New Youth and Old Nightmares

2015 has been a good year so far when it comes to contemporary Chinese literature in translation, thanks to the publication of English-language editions of novels by two of China’s most important contemporary writers: Yan Lianke and Yu Hua. Yan’s The Four Books, very ably translated by Carlos Rojas, is an ambitiously complex work. Structured around the presentation of fragments from a quartet of texts, it presents a fancifully told but historically grounded, often harrowing account of the disastrous Great Leap Forward (1958–61). The action takes place within a brutally run reeducation camp for wayward intellectuals, China’s answer to the Soviet gulags. Its inmates, who suffer from starvation and endure many kinds of daily indignities, are given simple names derived from their preconfinement occupations: The Theologian, The Author, The Scholar, and The Musician. The camp’s overseer, known just as The Child, is a mysterious and cruel figure.

Yu’s The Seventh Day, rendered into pitch-perfect English by Allan R. Barr, whose previous translation credits include the same author’s brilliant nonfiction book China in Ten Words (2012), is a more modest novel. An intriguing minor work by a decidedly major author, The Seventh Day is set in contemporary China and filled with straight-from-the-headlines accounts—which some Chinese critics have claimed will be too familiar to domestic readers to be of interest—of the tragic deaths of ordinary people. Some are driven to suicide by economic hardship; others are trapped in faultily-built structures that collapse; many suffer at the hands of the rich and well connected. One distinctive thing about them is that they are described as hovering in a gentle purgatorial zone after death, where they enjoy a sense of communal solidarity there that they often failed to find while alive. They have the ability to make forays back to earth to see what is happening among the living.  

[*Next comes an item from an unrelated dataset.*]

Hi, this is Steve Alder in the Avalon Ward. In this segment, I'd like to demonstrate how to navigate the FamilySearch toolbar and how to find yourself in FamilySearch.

Given the subject matter of the two novels and the magical realist dimension of each, it seems fitting to structure this post around playing a now familiar game, but giving it an alternative reality twist. The game is to speculate on what the Great Leap’s instigator, Mao Zedong (1893–1976), would make of today’s China. The twist is that I won’t follow the well-traveled ground of describing the real Mao’s possible disgust at finding the still nominally Communist country he once led being filled with malls selling luxury goods, but instead ponder the reaction to the present of the ghost of a Mao imagined, counterfactually, as dying early in his adult years. Straining belief, I will pretend that he did not live beyond thirty and that, despite never leading the country, China somehow ended up just as it is now.

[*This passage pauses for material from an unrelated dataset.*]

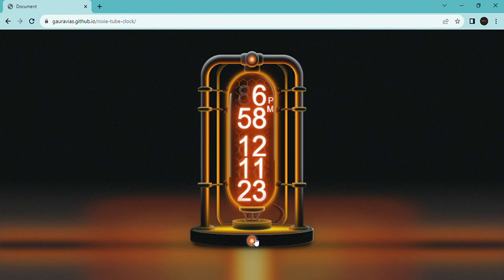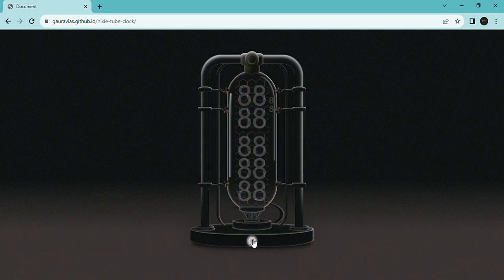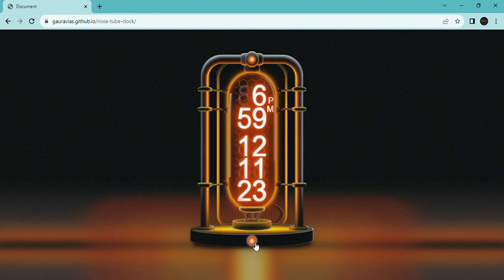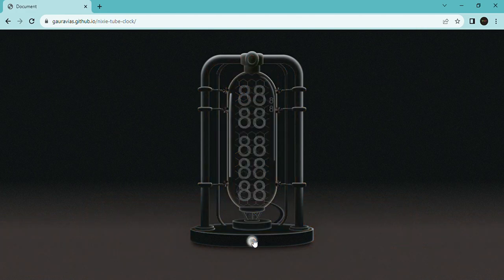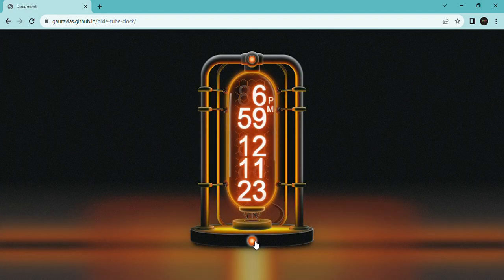Hello friends, welcome back to Indiamoon. In this video, we design a Nixie tube, or cold cathode display — an electronic device that displays numbers or other information using glow discharge.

This conjuring up of a Mao with a shortened lifespan allows me to conform to a key conceit of The Seventh Day: that the only deceased who can follow later events are those for whom no one mourns and whose corpses await proper burial. The real Mao has long been entombed in grand style in a crystal sarcophagus. And despite the human toll taken by some of his policies, such as the mass starvation tied to the Great Leap’s push for farmers to devote more attention to backyard steel production than to growing crops, he has never lacked mourners. What, then, would our ghost of a Mao who died young make of today’s China?

To begin this exercise, it is worth focusing on two old texts that mattered a lot to progressive youths of his generation, and which are similar in spirit to Yu and Yan’s new books. One of these is Xin Qingnian (New Youth), a periodical launched in 1915 by Chen Duxiu, a radical progressive who would go on to help found the Chinese Communist Party. The other is A Call to Arms, a 1923 collection of short stories by Lu Xun (1881–1936), which includes such well-known works as the darkly comic “The True Story of Ah Q” and the Gogol-inspired “Diary of a Madman,” the most important piece of fiction ever carried in New Youth. The relevance of these texts for Mao is clear. New Youth’s editor was one of Mao’s mentors. Lu Xun was Mao’s favorite modern author.  (Though Mao did once admit that, had the iconoclastic writer lived past 1949, he might well have ended up in prison—presumably one much like that where The Four Books is set.)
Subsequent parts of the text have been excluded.